What the Cycle Looks Like From Here

Here's what I keep returning to: the tech press has been covering Apple WWDC long enough that most outlets have a rhythm for it. The surprise features, the UI controversies, the developer implications, the hands-on videos. This year all of that is present. But underneath the normal cadence is a genuinely new anxiety — not about whether Apple can build good AI, but about whether good AI can survive contact with the world Apple has to sell into.

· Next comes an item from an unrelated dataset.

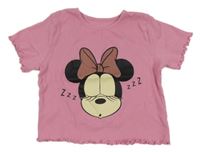 Růžové žebrované crop tričko s Minnie Disney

Geography used to be a footnote in tech coverage. Launch dates varied by region. Some features rolled out in the US first. That was mildly annoying and mostly logistical. What's happening now is different. A feature being unavailable in the EU isn't a rollout delay. It's a policy position. It means the iPhone in your pocket and the iPhone in your colleague's pocket, bought the same week, running the same software version, are fundamentally different products depending on which side of an invisible administrative line you're standing on.

That's a new kind of fragmentation. Not Android vs. iOS. Not old hardware vs. new. Jurisdiction vs. jurisdiction. And unlike most tech problems, there's no firmware update coming for that one.

Siri works now. Whether that matters to you is, increasingly, a question for your government.